1. Introduction
In character animation and humanoid robotics, analyzing and rebuilding different interactions between humans and the environment offers the opportunity to create alternative solutions for humanoid activities. In the last two decades, research on physics-based humanoid animation and robotics improved rapidly, resulting in highly realistic and adaptive control achievements [
1]. Despite this promising progress, the diversity and complexity of human behaviors, which includes a great number of behavior patterns and uncertain personal style preferences, have restricted the applications of previously proposed active controllers. The schematic of interaction based on humanoid active intention is shown in
Figure 1. The human body’s central nervous system, sensing system, and musculoskeletal energy system couple together to determine behavior performance. On the one hand, people tend to make a general decision with a typical skeletal composition reacting to a regular stimulus from the environment, which therefore performs a behavior pattern, that is, for example, walking slowly after a meal. Rebuilding this pattern requires a comprehensive analysis of the environment and social habits.

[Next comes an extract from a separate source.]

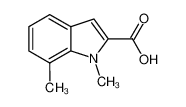 1,7-二甲基-1H-吲哚-2-羧酸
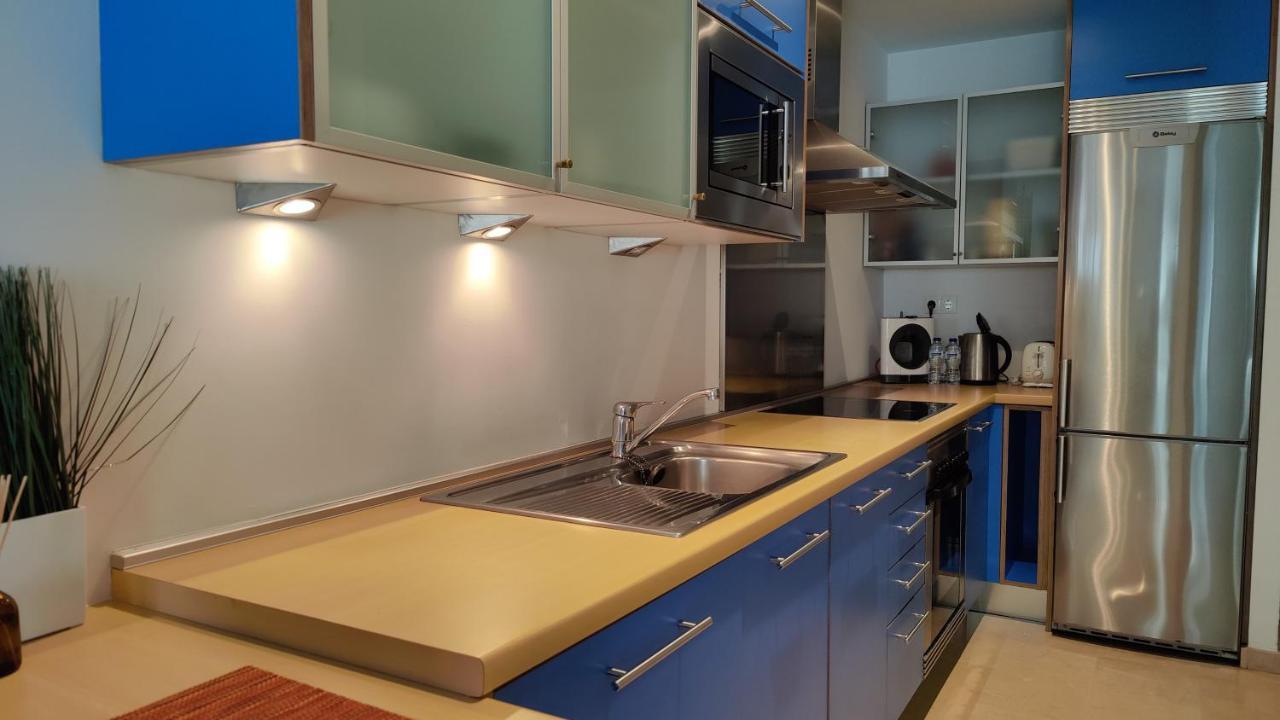 Cala Alta Sun&Beach Apartaments Cala de Finestrat Eksteriør billede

On the other hand, human personality styles generate tiny distinctions of this behavior pattern, such as one would like to walk in a sneaky manner while another would like to swagger down the street. These distinctions will cause an unstable disturbance for the pattern-behavior rebuilding. Not only that, but with different characteristic body parameters between humanity and controlled characters, the performance of rebuilding always becomes sensitive to the environment and unpredictable. Although plenty of works have been devoted to solving these problems, such as the SIMBICON [
2] and GENBICON [
3] which create simple walking controllers, the data-driven controllers [
4,
5] which represent modulation methods for the mocap data, the solver-based controllers [
6,
7] which use dynamic solvers to optimize the reference motions, and the style-based controllers [
6,
8] which inherit the styles of the considered movements, they could be better generalized to various scenarios and robust to diverse human behavior changes. Therefore, programming a humanoid character to achieve human-level perception and motion control in environments is still an active while challenging issue for character animation.
Humanoid characters are complex systems that are hard to match with the sophistication and adaptability of style motion control intelligence. In addition, characters’ dexterous behavior requires high-level analysis that combines visual and proprioceptive perceptions to understand the object’s behaviors being handled. We envision humans can help the controlled characters react to these perceptions and produce whole-body style trajectories subject to these behaviors. In this work, we propose a style-based teleoperation framework to dynamically synchronize the style motion of a human operator and that of an animated character. With the help of the human operator’s perceptions and decisions to deal with different tasks in unknown environments, this framework can rebuild the human’s motion on the animated character while keeping this operator’s personal style. Besides, a human operator generates a motion with the understanding of the required task and perception of the character simulation scene, and the physics-based character then simulates a balanced motion that mimics the style of this human and achieves the task. As can be seen from
Figure 2, reference motion data with the center of mass (COM) of the human body is captured as input for the data processing and motion optimization part, and an optimized motion that mimics the style of the human body is generated. The body balance and synchronization controller then computes a set of body joint torques of the optimized motion to simulate the physics-based character.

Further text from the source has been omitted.